Not even two weeks ago, Chad’s government made a splashy announcement which garnered international headlines. The announcement? They were withdrawing from their arrangement with African Parks, an enormous NGO which operated parklands and conservation efforts across a dozen African countries. You see, Prince Harry is on the board of African Parks and Prince William is big mad about it. You see, Africa belongs to William. William said that to Harry: “Africa is MINE!” And William and his henchmen have been trying to harm and/or colonize Harry’s work in Africa. William’s allies took over Sentebale and convinced Sophie Chanduaka to say some pitiful lies about Harry. But for years, William has angled to hurt African Parks and I still sort of believe that there was something else – something Scooter-King-related – going on with that statement from Chad. But now it looks like those efforts have failed, because Chad has reinstated management rights with African Parks.
Chad has reinstated management agreements with African Parks, the conservation group whose board includes Britain’s Prince Harry, and begun talks on new deals for joint management of ongoing projects, the environment ministry and the charity said on Friday.

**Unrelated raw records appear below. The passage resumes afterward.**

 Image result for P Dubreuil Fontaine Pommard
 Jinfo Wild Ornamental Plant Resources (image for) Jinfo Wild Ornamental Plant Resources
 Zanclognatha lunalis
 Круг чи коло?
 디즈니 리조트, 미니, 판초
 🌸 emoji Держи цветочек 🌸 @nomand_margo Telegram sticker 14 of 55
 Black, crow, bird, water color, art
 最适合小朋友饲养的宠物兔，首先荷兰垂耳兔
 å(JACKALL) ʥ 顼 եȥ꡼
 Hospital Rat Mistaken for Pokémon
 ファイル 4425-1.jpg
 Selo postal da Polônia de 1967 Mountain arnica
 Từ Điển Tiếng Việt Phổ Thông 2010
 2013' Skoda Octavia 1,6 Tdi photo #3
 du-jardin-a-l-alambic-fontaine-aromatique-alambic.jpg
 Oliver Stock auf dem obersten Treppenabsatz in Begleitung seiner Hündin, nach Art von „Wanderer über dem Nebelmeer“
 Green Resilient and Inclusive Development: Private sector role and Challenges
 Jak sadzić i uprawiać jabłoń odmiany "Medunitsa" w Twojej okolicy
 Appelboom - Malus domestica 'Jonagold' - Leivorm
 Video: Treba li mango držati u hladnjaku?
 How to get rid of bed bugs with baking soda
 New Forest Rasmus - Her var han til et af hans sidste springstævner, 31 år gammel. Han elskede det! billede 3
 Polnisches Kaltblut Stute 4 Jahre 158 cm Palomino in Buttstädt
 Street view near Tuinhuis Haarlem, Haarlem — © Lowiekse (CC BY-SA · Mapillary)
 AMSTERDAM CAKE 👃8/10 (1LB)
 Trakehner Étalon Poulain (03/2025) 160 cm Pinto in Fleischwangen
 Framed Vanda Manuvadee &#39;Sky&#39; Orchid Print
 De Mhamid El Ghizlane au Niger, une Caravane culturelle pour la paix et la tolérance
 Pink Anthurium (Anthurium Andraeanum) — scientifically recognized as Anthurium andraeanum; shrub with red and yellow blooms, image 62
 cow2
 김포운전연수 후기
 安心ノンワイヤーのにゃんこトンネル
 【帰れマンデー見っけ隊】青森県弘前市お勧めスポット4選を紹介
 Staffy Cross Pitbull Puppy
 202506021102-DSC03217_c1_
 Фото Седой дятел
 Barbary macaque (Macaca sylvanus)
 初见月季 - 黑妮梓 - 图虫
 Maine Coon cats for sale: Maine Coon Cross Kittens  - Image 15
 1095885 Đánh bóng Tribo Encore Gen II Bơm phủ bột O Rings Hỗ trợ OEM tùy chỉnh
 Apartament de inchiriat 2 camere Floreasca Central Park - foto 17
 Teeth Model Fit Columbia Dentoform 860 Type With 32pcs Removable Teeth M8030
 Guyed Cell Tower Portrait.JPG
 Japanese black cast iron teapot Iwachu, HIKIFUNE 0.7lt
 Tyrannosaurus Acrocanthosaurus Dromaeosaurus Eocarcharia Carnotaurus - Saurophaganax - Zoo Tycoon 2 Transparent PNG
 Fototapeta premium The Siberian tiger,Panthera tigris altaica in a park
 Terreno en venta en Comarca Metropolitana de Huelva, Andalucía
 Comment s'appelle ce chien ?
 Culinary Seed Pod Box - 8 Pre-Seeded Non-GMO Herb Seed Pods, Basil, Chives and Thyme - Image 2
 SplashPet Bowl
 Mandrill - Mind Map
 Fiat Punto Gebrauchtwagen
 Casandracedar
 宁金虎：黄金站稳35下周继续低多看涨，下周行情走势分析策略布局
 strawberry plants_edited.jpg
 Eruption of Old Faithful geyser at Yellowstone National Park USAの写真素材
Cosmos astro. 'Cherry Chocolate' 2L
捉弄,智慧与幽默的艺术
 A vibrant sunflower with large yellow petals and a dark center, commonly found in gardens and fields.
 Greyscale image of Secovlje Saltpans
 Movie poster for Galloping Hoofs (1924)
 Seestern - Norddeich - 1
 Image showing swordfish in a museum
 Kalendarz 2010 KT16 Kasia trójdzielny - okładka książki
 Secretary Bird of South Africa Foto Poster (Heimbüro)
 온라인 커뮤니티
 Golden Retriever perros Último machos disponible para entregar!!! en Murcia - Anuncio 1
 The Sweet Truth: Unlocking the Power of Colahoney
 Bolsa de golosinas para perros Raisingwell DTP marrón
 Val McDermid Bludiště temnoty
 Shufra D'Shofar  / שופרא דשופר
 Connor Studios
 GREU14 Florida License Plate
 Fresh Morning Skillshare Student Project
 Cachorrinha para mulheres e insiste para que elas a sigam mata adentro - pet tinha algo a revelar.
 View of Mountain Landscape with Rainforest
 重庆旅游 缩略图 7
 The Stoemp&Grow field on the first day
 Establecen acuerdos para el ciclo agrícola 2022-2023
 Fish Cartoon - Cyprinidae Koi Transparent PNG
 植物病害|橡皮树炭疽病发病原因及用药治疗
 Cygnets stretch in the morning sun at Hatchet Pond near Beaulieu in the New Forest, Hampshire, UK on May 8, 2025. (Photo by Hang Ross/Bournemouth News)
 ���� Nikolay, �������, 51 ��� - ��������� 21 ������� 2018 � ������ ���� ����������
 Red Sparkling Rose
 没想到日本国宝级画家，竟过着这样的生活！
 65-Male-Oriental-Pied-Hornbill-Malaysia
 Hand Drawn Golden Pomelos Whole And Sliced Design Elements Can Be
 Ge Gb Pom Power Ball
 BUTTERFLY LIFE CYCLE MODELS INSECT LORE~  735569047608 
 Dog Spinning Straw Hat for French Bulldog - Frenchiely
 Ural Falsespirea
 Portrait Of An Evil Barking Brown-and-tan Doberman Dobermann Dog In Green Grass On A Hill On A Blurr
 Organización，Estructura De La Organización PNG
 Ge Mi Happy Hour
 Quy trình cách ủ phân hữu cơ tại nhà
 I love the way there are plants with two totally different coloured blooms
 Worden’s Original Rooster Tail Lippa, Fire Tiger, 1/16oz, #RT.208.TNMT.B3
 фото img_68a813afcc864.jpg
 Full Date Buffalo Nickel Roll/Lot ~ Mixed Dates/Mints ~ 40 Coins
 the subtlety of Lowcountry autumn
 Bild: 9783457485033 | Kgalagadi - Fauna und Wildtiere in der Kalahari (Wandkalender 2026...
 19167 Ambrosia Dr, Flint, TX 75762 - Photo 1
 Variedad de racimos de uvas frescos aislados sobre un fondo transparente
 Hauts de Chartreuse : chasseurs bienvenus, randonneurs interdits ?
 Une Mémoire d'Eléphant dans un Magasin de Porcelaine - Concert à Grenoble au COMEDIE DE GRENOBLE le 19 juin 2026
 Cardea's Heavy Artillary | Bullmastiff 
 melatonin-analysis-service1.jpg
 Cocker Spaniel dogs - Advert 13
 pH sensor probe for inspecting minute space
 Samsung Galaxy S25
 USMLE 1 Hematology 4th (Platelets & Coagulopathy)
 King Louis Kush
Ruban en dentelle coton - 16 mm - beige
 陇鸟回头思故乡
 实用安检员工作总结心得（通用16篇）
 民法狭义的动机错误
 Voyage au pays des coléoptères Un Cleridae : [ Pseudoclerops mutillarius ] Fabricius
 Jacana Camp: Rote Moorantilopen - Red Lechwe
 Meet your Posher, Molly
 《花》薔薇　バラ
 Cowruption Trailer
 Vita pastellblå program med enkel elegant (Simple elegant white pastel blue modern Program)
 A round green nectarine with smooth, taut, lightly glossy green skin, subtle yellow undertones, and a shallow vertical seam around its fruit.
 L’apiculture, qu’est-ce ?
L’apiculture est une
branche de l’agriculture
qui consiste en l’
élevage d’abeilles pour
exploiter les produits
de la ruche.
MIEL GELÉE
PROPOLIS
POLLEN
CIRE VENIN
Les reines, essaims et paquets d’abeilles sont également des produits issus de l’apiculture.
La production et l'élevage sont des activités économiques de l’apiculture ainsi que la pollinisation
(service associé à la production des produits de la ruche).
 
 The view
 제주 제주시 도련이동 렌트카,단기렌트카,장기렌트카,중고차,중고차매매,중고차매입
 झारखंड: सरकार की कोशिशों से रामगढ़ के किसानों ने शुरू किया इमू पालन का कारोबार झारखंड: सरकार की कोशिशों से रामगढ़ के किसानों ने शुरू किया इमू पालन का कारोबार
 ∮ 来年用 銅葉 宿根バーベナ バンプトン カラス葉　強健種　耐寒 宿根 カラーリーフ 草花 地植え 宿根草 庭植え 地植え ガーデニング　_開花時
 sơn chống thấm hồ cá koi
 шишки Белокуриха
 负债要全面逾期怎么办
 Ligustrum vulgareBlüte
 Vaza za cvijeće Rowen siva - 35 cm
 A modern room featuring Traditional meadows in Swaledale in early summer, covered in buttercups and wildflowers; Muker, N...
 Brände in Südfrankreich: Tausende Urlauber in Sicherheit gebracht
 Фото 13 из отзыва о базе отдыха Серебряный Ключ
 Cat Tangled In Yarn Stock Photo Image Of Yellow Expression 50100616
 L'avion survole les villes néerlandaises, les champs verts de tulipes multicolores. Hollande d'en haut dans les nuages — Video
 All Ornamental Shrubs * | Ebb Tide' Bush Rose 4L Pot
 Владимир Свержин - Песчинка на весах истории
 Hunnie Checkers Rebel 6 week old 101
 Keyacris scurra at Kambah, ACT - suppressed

The move reverses last week’s decision by the Central African country to break ties with the organisation.The two parties said they had engaged “in a spirit of dialogue and cooperation” and restored the agreements “with full effect” while both sides negotiate new partnership agreements for Zakouma National Park, the Ennedi Natural and Cultural Reserve, and the planned Aouk project.
African Parks will continue to finance and co-manage protected areas in Zakouma and Ennedi and keep advancing the Aouk project until new agreements are signed, the statement said.
Chad announced last week that it was ending the organisation’s mandates, citing a resurgence of poaching, under-investment, and alleged breaches of contract. African Parks said at the time it was seeking discussions with the government.
The European Union’s delegation to Chad said in a statement last week it had suspended implementation of grant-funded actions for at least 90 days, citing “force majeure,” after the environment minister moved to terminate management and financing agreements.
The EU asked African Parks to safeguard EU-financed infrastructure, equipment, and vehicles for potential transfer, and requested updates on talks with Chadian authorities to assess contractual implications. The African Parks Network manages parks in a dozen African countries.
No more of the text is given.